Source data Block Start

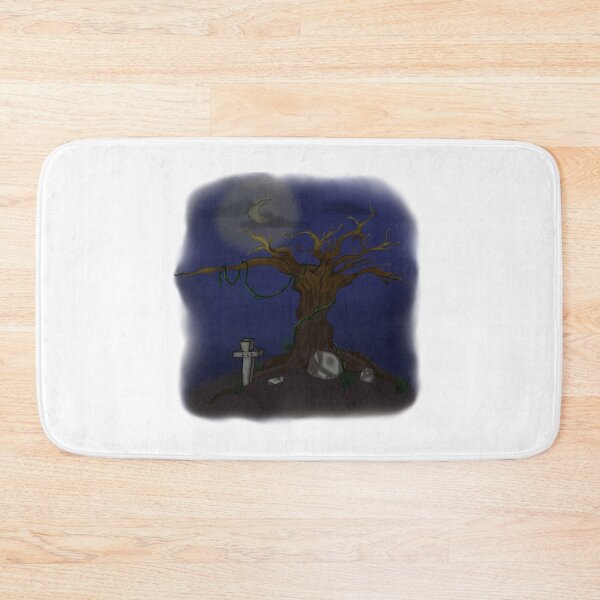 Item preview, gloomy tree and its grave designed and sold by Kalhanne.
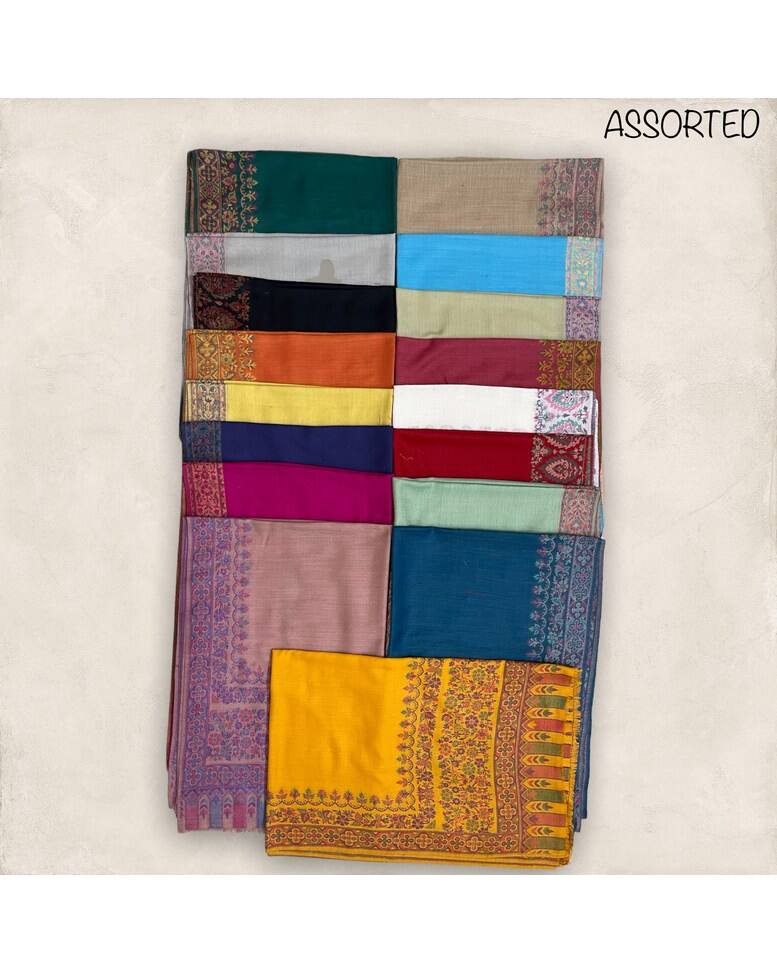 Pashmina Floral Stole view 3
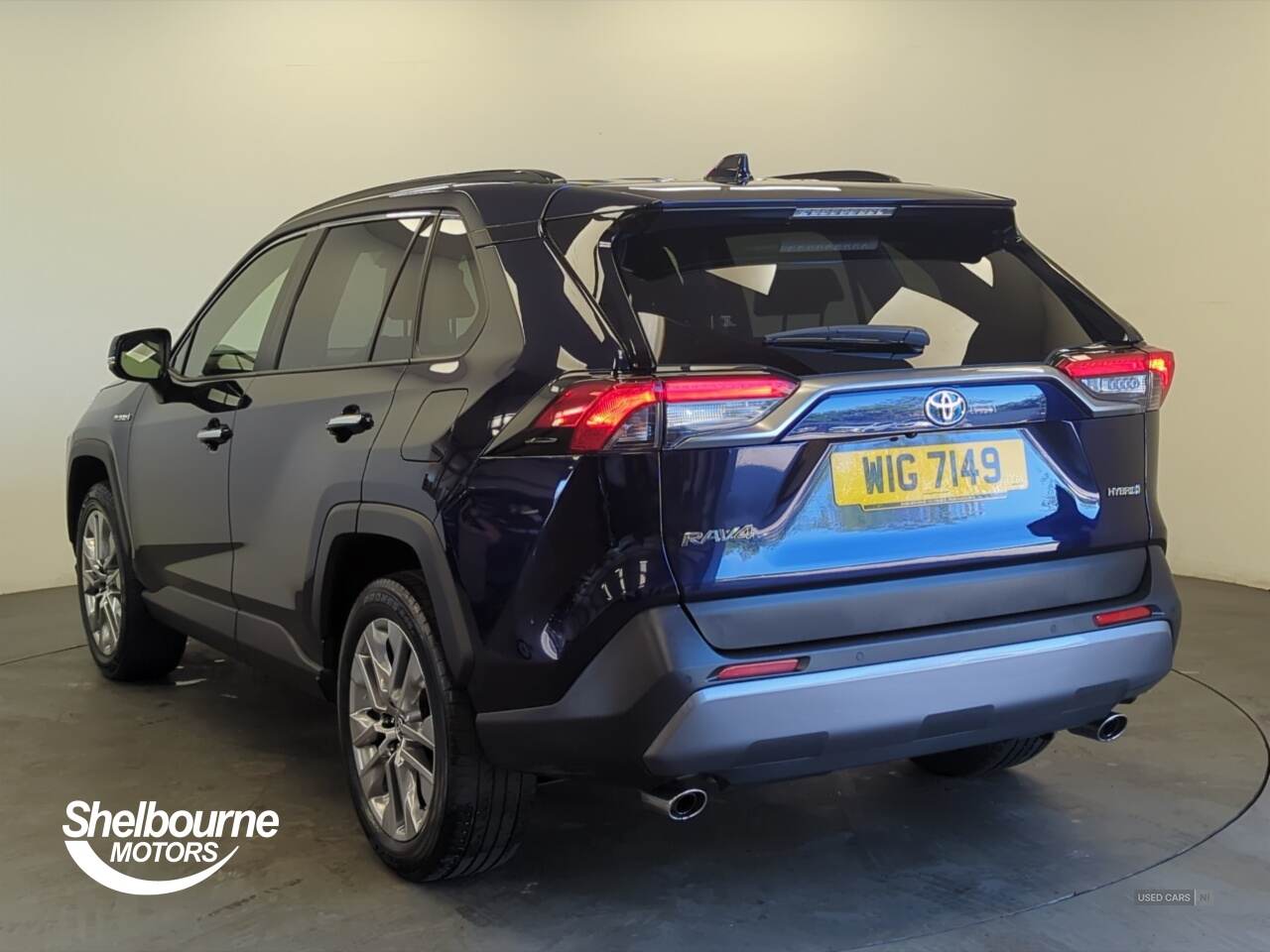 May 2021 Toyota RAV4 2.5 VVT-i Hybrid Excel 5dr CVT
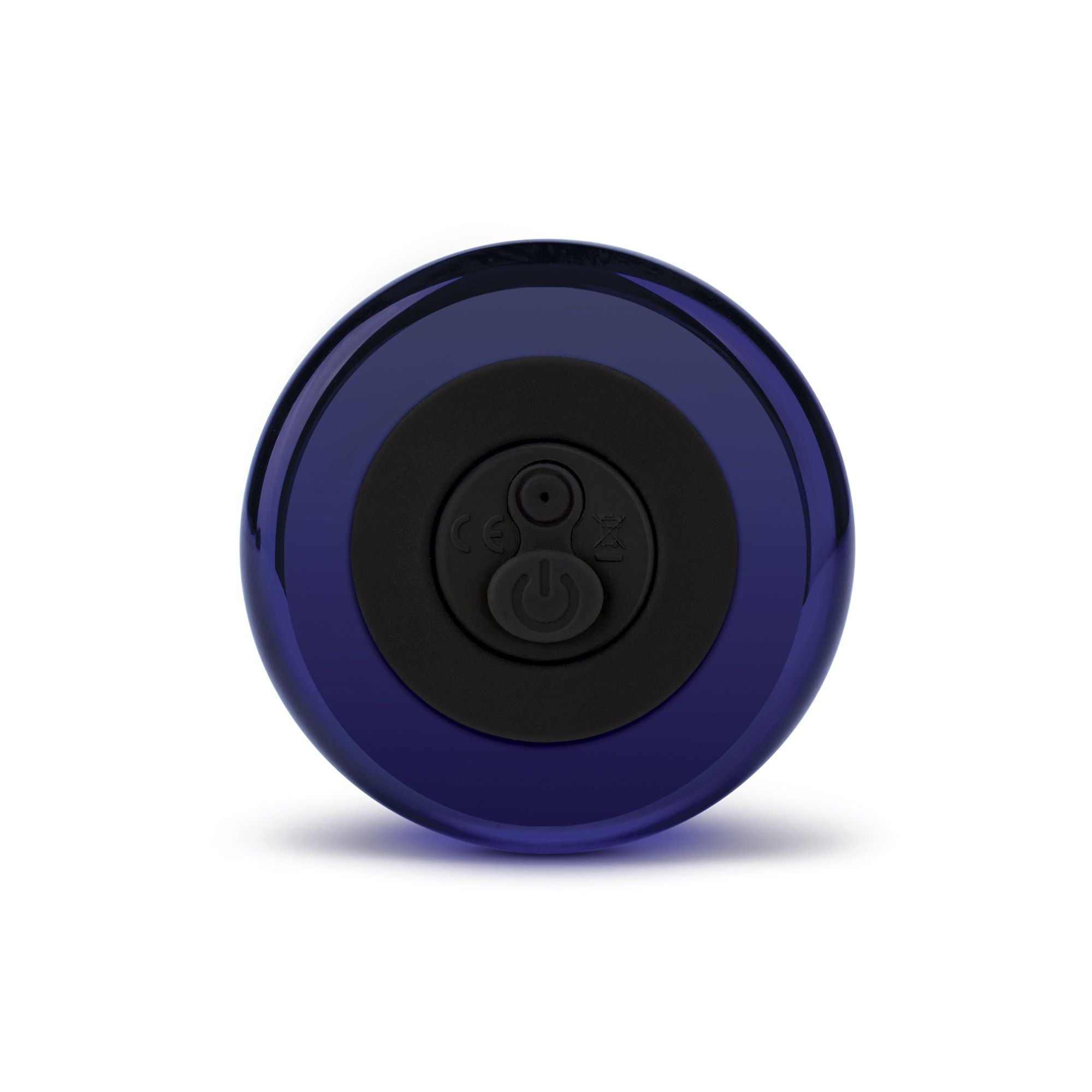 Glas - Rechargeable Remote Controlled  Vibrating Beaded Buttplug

Source data Block End

• Work request: Your task is to repeat the material above exactly, without its pictures.

• Output of the exercise:
 Item preview, gloomy tree and its grave designed and sold by Kalhanne.
 Pashmina Floral Stole view 3
 May 2021 Toyota RAV4 2.5 VVT-i Hybrid Excel 5dr CVT
 Glas - Rechargeable Remote Controlled  Vibrating Beaded Buttplug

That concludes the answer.